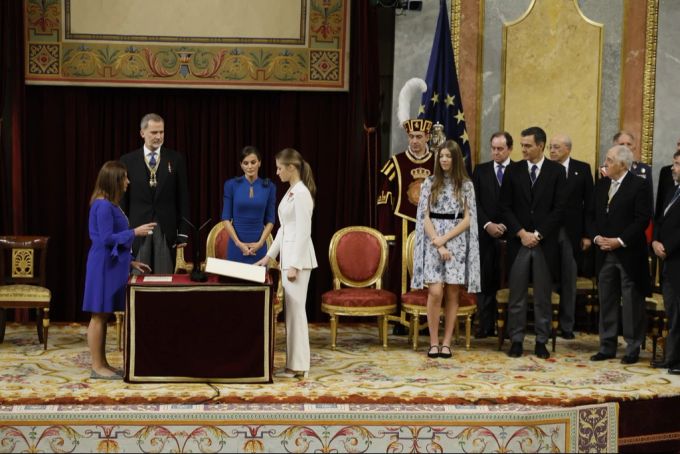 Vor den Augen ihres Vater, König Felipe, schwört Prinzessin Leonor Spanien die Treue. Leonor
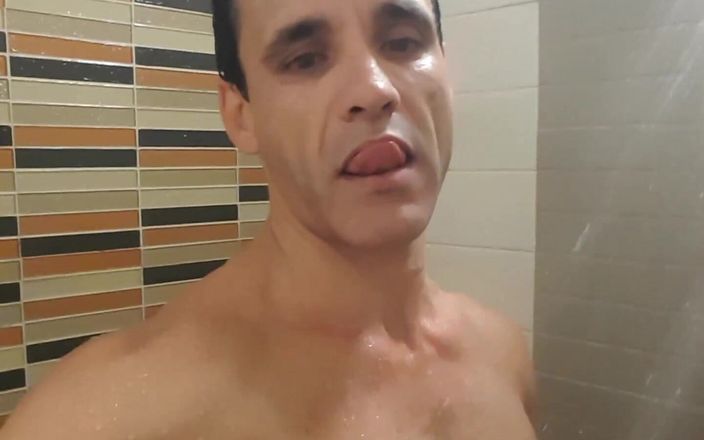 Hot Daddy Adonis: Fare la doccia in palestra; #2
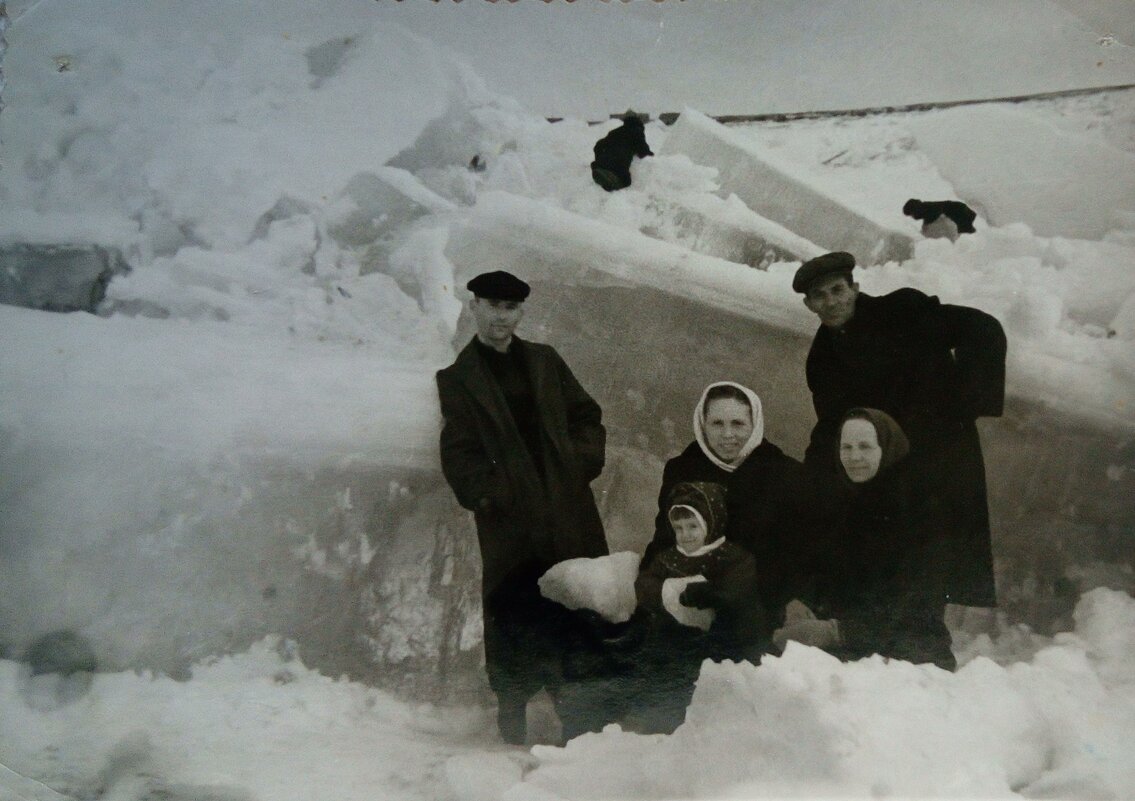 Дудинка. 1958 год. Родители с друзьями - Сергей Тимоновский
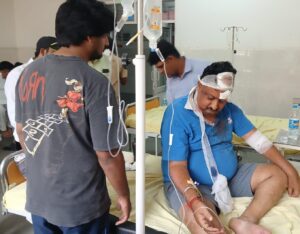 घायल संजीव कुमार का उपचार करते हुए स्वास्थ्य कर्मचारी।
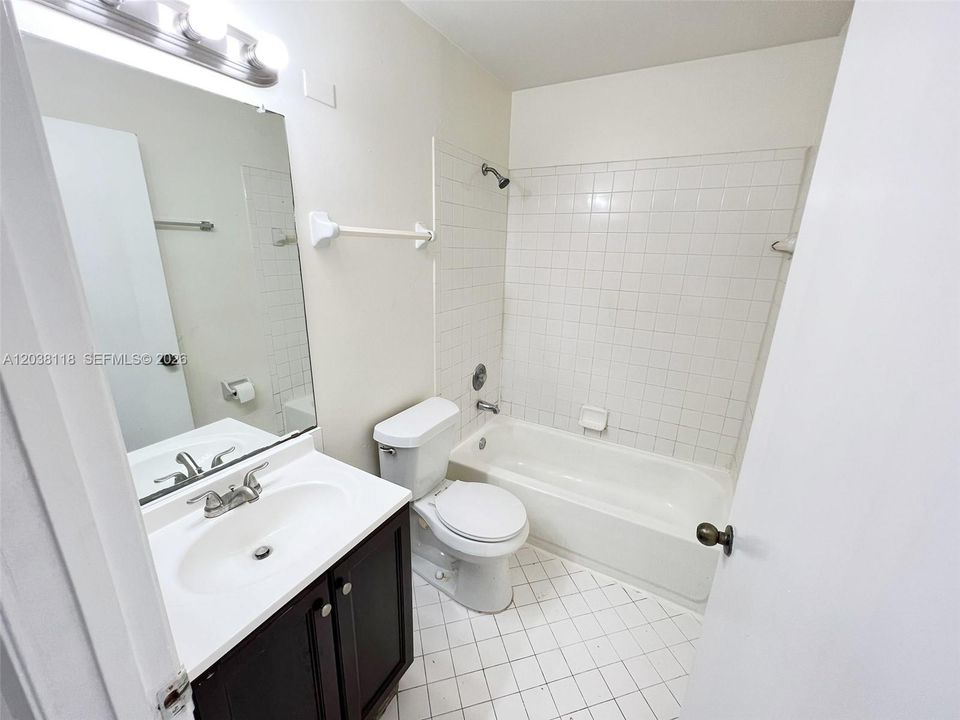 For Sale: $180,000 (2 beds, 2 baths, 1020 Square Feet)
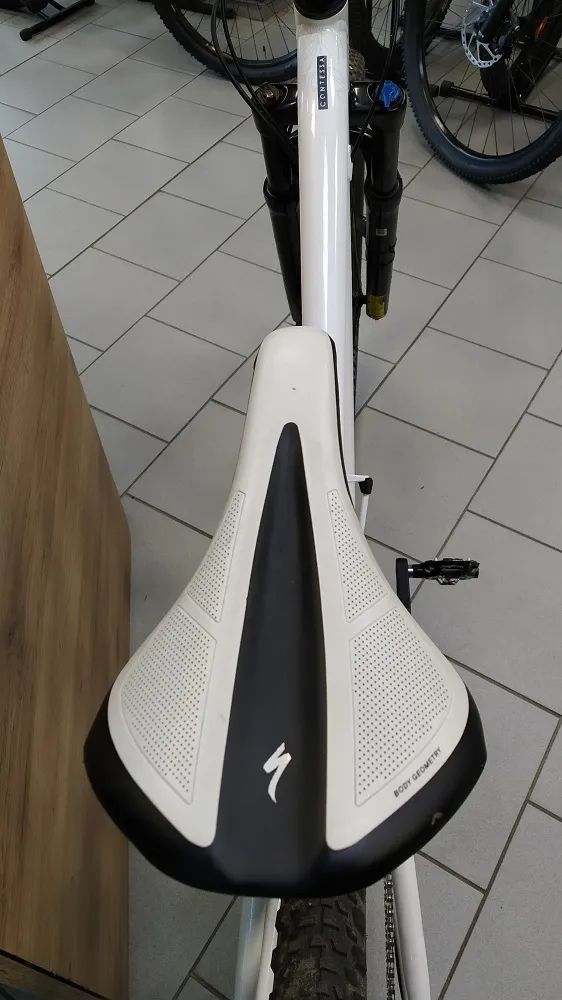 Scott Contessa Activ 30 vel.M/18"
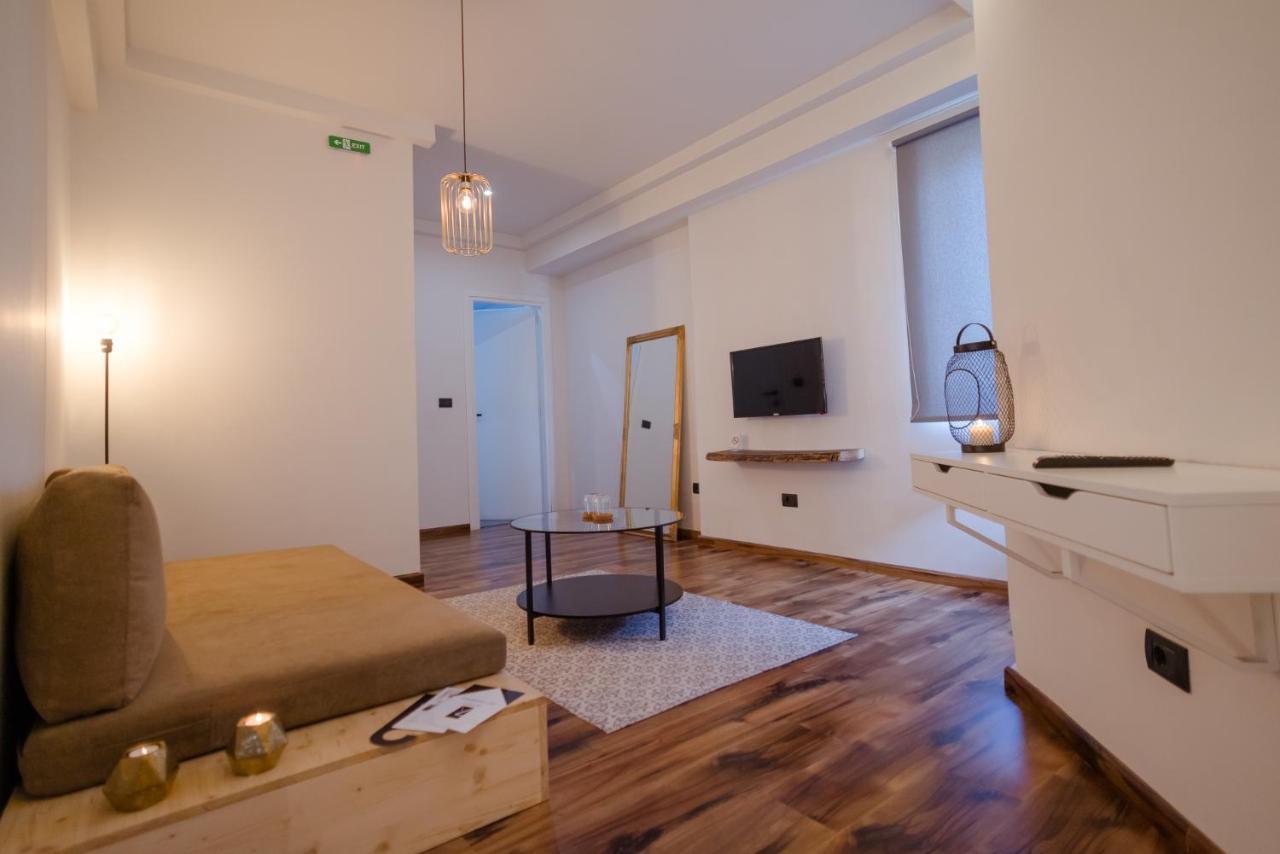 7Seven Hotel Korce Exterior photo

================================

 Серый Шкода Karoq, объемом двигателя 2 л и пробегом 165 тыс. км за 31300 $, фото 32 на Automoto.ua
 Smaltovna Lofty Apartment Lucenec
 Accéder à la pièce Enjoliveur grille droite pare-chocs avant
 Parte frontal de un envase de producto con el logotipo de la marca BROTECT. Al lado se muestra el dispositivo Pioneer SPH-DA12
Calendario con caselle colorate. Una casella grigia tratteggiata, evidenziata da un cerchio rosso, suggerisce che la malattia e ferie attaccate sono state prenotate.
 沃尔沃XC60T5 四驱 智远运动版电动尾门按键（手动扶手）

================================

[EXERCISE INSTRUCTIONS]: Transcribe the lines above between the line holding "Calendario con caselle" and the line holding "沃尔沃XC60T5 四驱 智远运动版电动尾门按键（手动扶手）", inclusive, exactly as they stand and with nothing added.

[EXERCISE RESULT]:
Calendario con caselle colorate. Una casella grigia tratteggiata, evidenziata da un cerchio rosso, suggerisce che la malattia e ferie attaccate sono state prenotate.
 沃尔沃XC60T5 四驱 智远运动版电动尾门按键（手动扶手）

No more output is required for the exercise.